Siyaset devleti yönetmek için iktidara gelmenin taşlı topraklı patika yoludur.
Dikenlidir.
Meşakkatlidir.
Sabır ister.
Ehliyet ve Liyakat ister
Arkasında kaya gibi duracak halk desteği ister
Gerektiğinde varını yoğunu sarf etmekten çekinmeyecek “eba zer-i gıfariler” ister
Halkı bir hedefe yönlendirecek büyük hedefler çizecek ideoloğ ve ideolacya örgüsü ister
Sıkıntıları meseleleri tereyağından kıl gibi çekip alacak ”stratejistler” ister
En küçük beldeden en büyük metropole kadar teşkilat yapısı ister.
Siyasetin felsefesini yapacak inanmış ifade yeteneği gelişmiş hatipler ister
Daha neler istemez ki!
***
Siyasi partiler mezarlığından bahsetmek için en uygun ortam Türkiye’dedir.
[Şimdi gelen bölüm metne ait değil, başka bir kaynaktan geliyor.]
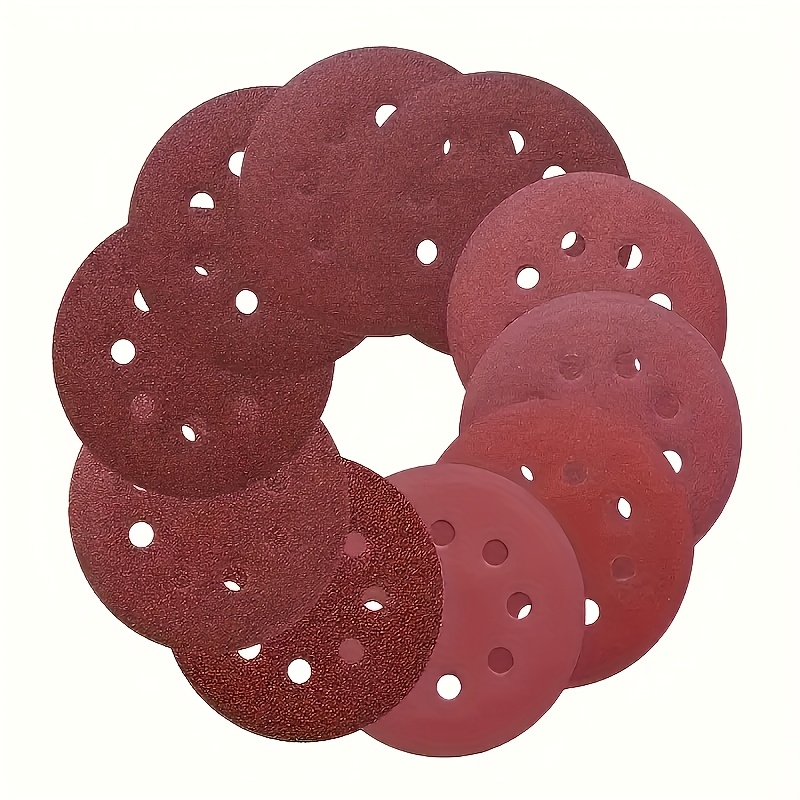 100 Pcs of 5-Inch 8-Hole Sandp - Extruder review and price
Gelmiş geçmiş açılıp kapanmış nice siyasi mevtalar mevcuttur, bu mezarlıkta.
İktidar alanı daralan malum çevreler, demokratik meşru yollarla gelmiş “monark”ı devirmek için nerde eski mıyadı dolmuş siyaset eskisi varsa, derleyip toparlayıp seçicilerin önüne koymaktan geri durmaz.
Gereken her türlü malzemeyi bunların eline imkânına vermekten de asla imtina etmez bu taifenin dümencibaşıları.
***
Halk, felsefe bilmez.
Siyaset felsefesini hiç bilmez.
Strateji, uluslararasıilişkiler silsilesi, diplomasi vesaireden anlamaz
Anlamak zorunda da değildir.
Ama bu halk, adamın ve yiğidin hasını iyi bilir.
Halkın engin ve sarsılmaz basireti, feraseti ve metaneti ile her türlü paradoksu ayırıp tefrik eder.
Halkın işi meşgalesi seyretmektir, tribünde oturup maçın sonucunu görmektir.
Her ne kadar meşru “monark’ı “yıpratmak için, birileri sırf kendi çıkar grupları için hile desise ile halkın önüne ne koyarlarsa koysunlar, halk bunlara itibar etmez. Çünkü bütün bu yapılanlarda kendisinin bir aktör değil figüran olarak kullanılmak istendiğinin farkında ve fevkindedir.
Halkın engin ferasetini kimse desinforme edemez.
***
Ne zaman yeni bir siyasi oluşumdan bahsedilse hep bunlar aklıma gelir.
Türkiye siyasi coğrafya konumu itibariyle,”Türklere bırakılamayacak kadar büyük ve bir o kadar öneme haiz bir ülkedir” düşüncesinin sahipleri, ta Tanzimat’tan beri,93 harbinden beri,1.cihan harbinden beri Türkiye ile her alanda ilgilenmektedirler.
Sarıkamış destanında soğuk altında son nefesini veren 90 bin vatan evladının son nefesindeki acı ve yalnızlığı ruhlarında hissetmeyen siyaset bezirgânları bu memleketin insanını anlamaktan uzaktır.
***
Bütün bu ifadelerimin ışığında söylemek istediğim şey şudur.
Ak Parti, Türkiye’nin siyaset sahnesinde gördüğü donanımlı eleştirel aklı savunan geçmişindeki köklerini inkâr etmeden medeniyetler bahçesine uzanan bir kadro hareketidir.
Halk desteği vardır.
Tepkisel bir hareket değildir.
Tez ve antitez ekseninde bir siyaset kurgusu yoktur.
Yahya Kemal’in ifadesi ile” Kökü mazide olan atidir.”
Birilerinin İktidar alanı daraldığında söküp atılacak kamışlıktaki saz değildir.
“Eba zerleriyle, çınarlarıyla” bu Ülkenin bir artı değeridir.
Yine Birilerinin dolgu malzemesi olmak uğruna ait olduğu değerleri yok sayarak, birilerinin ekmeğine yağ sürmek için aymazlık içinde “muhalif” gömleği ile asli değerlerine gol atmaya kalksa da bu ülke ve bu halk her şeyin farkında ve fevkindedir.